NEW YORK—James Bennet, The New York Times editor with the final word on the editorial at the heart of the newspaper’s defamation lawsuit by former Alaska governor Sarah Palin (R), testified in federal court on Feb. 9 that soon after it was posted on the newspaper’s website on June 14, 2017, he read criticisms of it by conservative writers on Twitter.
The tweets came as a surprise to him.
Bennet testified that he never intended the piece to blame Palin for a 2011 mass shooting that was referenced, or her political action committee (SarahPAC), in the editorial.
Bennet received an email from conservative New York Times columnist Ross Douthat at 10:35 that night.
Douthat expressed his concerns with the perception of the piece and included links to two separate tweets that were critical of it. One was from Jonathan Chait, a writer for New York magazine, and the other was from Chris Hayes, a primetime host on MSNBC.
At 11:38 pm, Bennet texted Elizabeth Williamson, the writer of the editorial’s first draft, “Because I was really worried,” he said.
“I was upset and confused, I have to say. I was so blindsided by this.”
The following day the editorial board posted their own tweets on the newspaper’s multiple Twitter accounts, correcting the editorial. They also revised passages in the online version of the editorial.

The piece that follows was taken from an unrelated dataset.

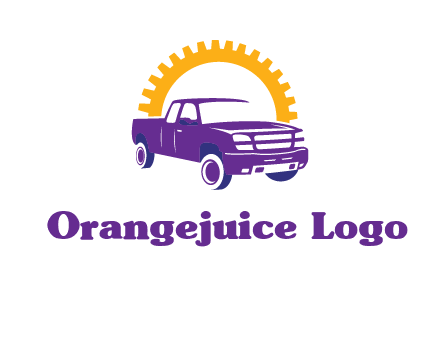 pickup truck logo with cogwheel gears icon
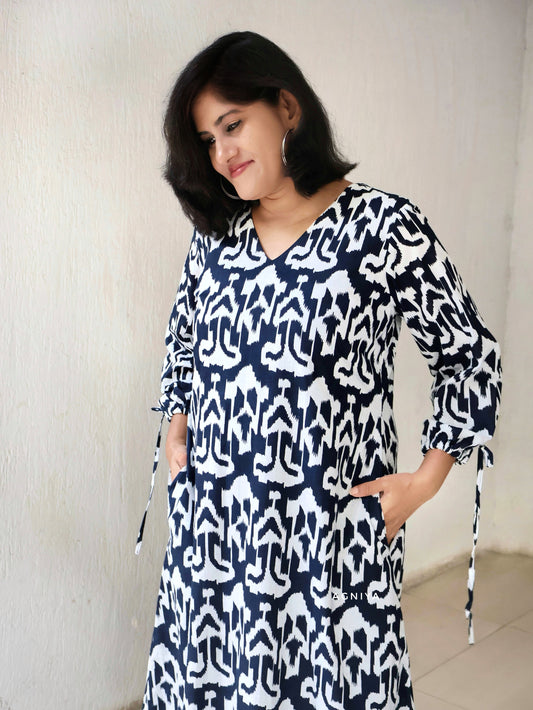 Navy Blue Cotton Aline Dress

The court had previously been told the intended purpose of the piece was to connect violent political rhetoric—and the flow of guns—to shootings of politicians.
Bennet said that although he made a mistake connecting SarahPAC to mass shootings, it didn’t invalidate the argument presented in the editorial.
Under recross by defense attorney David Axelrod, Bennet said he never apologized to Palin because once she filed the lawsuit an apology would look like an attempt to get out of it.
Douthat took the stand in the afternoon. He testified that when he saw the Twitter storm it inspired him to read the editorial, which in turn got him to email Bennet.
There were two mass shootings referenced in the editorial–one involving Congresswoman Gabby Giffords (D-Ariz.) in 2011—and one involving GOP members of Congress earlier in the day of June 14.
Douthat felt the gunman in the GOP shooting had a political motivation (he was an admitted supporter of Bernie Sanders, a Democrat) and the gunman in the Giffords shooting did not, but the editorial suggested the opposite.
Palin took the stand for the last few minutes of the day and briefly testified about her family and her foray into politics until Judge Jed Rakoff called it a day.